• Provided records:
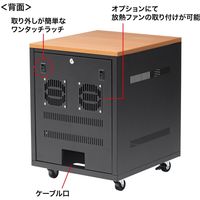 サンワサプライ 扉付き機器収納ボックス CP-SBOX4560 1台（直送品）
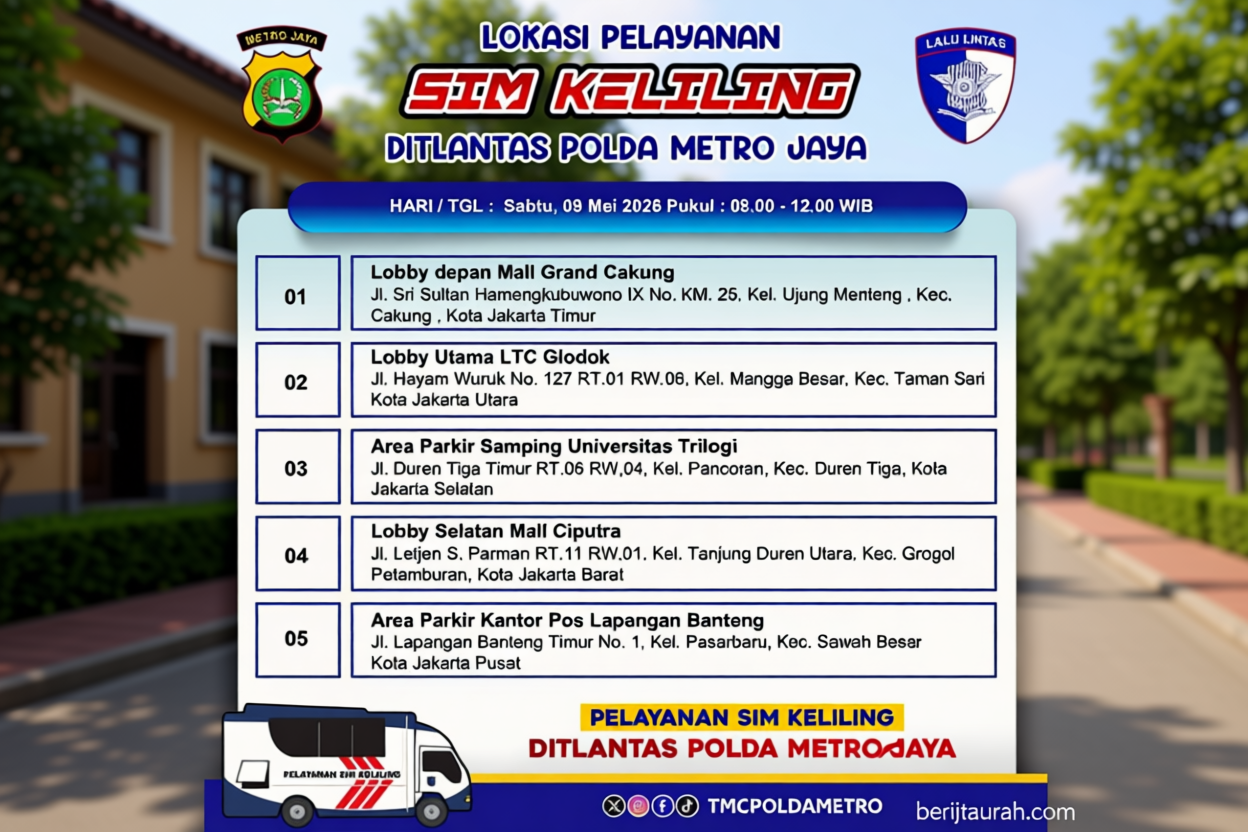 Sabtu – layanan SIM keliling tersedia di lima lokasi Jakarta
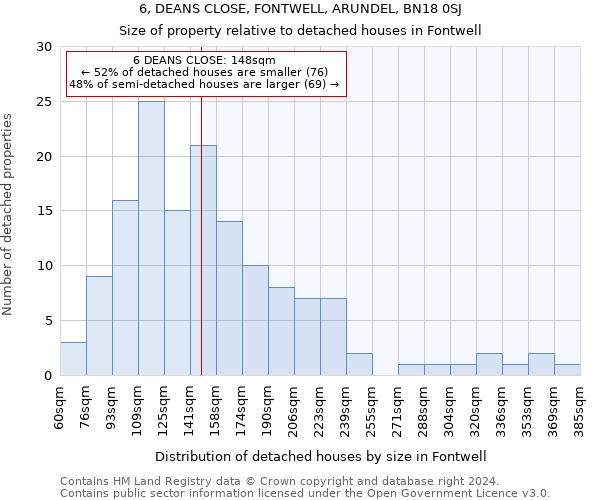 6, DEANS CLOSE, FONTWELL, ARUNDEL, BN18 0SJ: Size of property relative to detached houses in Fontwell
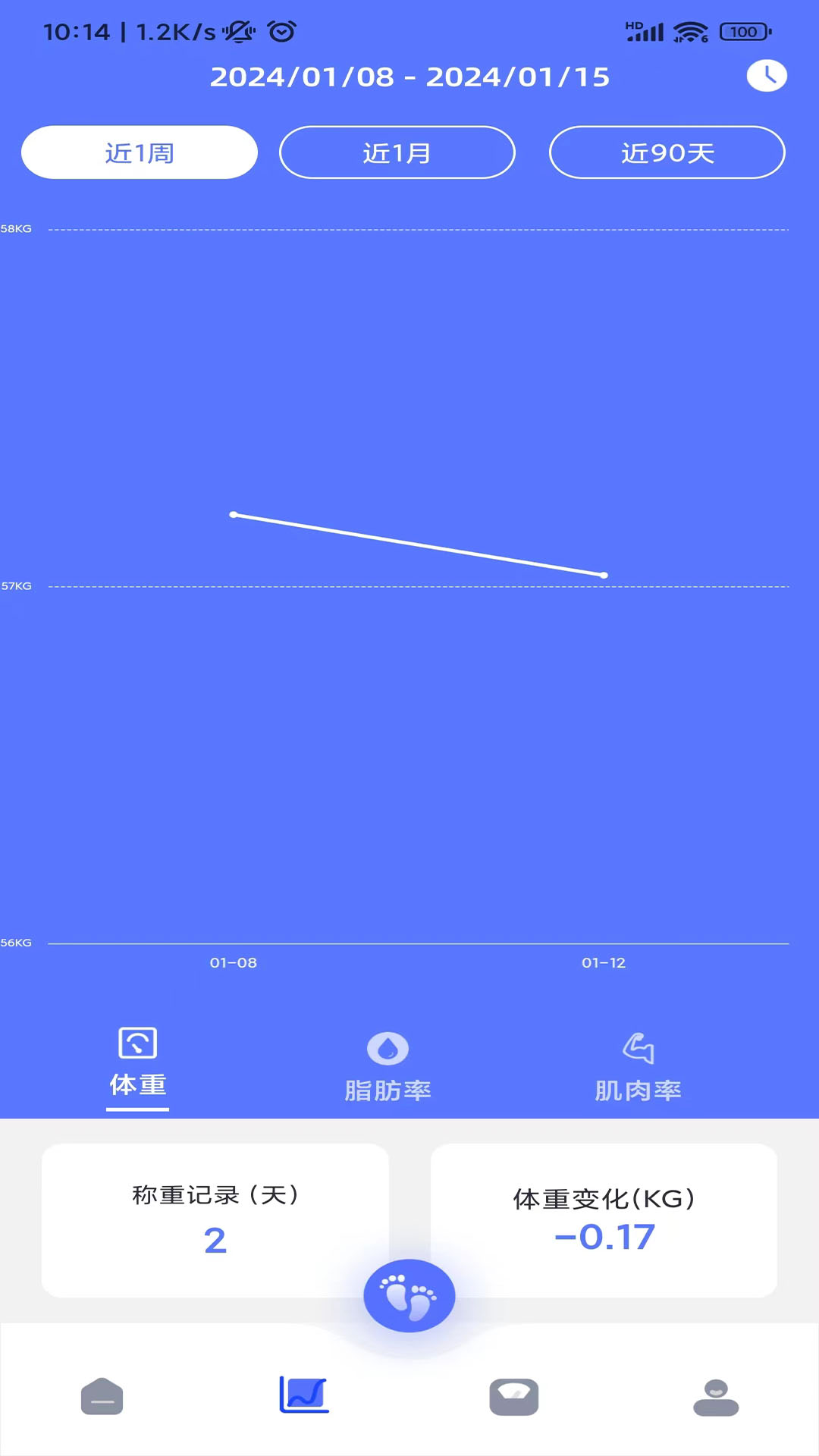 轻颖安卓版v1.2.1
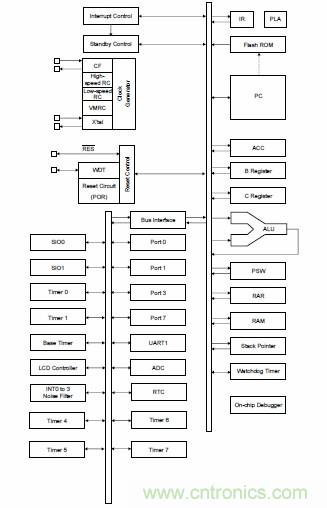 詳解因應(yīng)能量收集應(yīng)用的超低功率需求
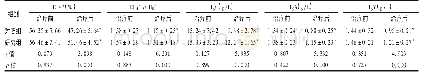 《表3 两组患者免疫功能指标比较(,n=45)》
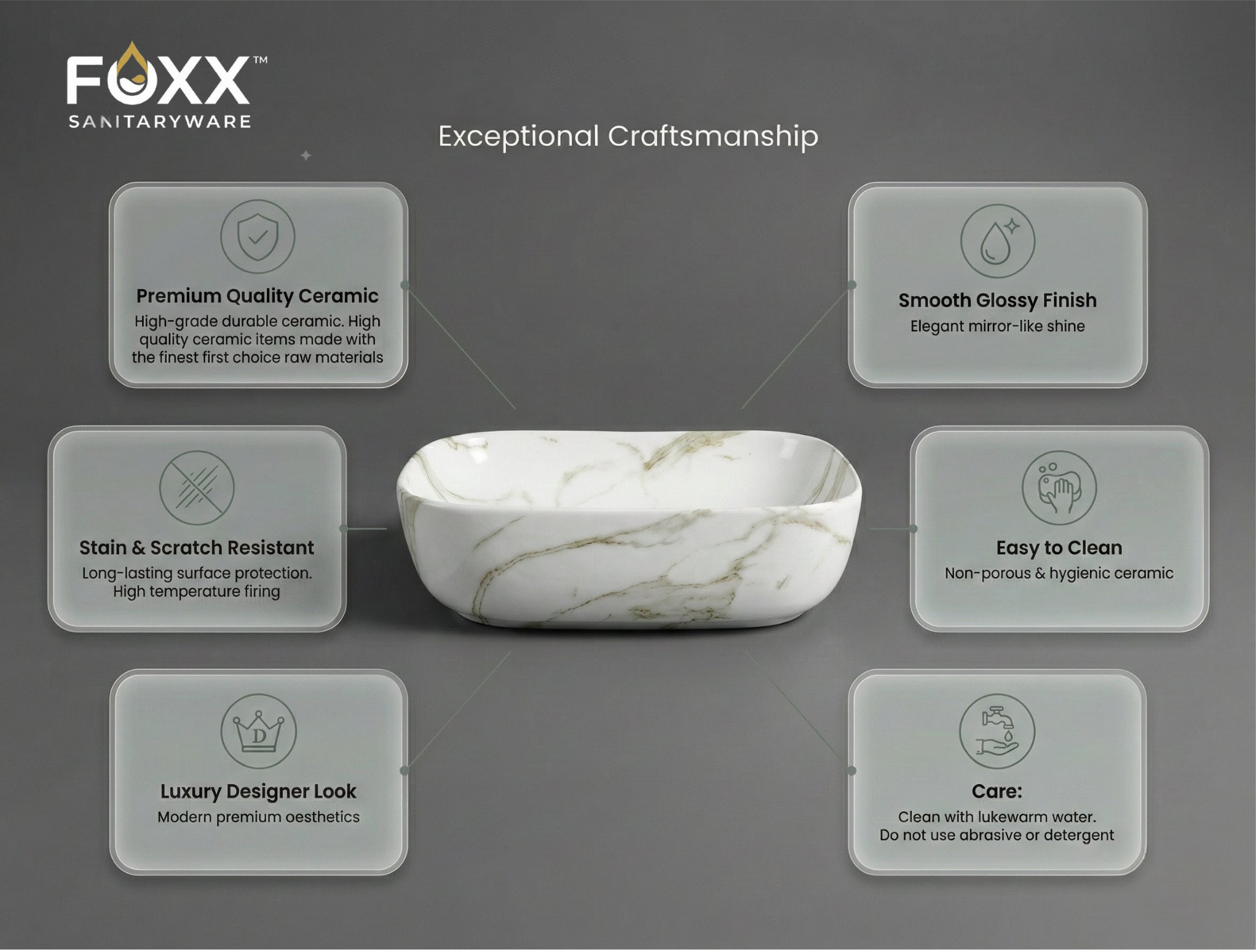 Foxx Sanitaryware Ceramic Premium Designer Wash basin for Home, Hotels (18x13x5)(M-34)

• Your objective:
Return every entry exactly, dropping the pictures.

• Answer to this problem:
 サンワサプライ 扉付き機器収納ボックス CP-SBOX4560 1台（直送品）
 Sabtu – layanan SIM keliling tersedia di lima lokasi Jakarta
 6, DEANS CLOSE, FONTWELL, ARUNDEL, BN18 0SJ: Size of property relative to detached houses in Fontwell
 轻颖安卓版v1.2.1
 詳解因應(yīng)能量收集應(yīng)用的超低功率需求
 《表3 两组患者免疫功能指标比较(,n=45)》
 Foxx Sanitaryware Ceramic Premium Designer Wash basin for Home, Hotels (18x13x5)(M-34)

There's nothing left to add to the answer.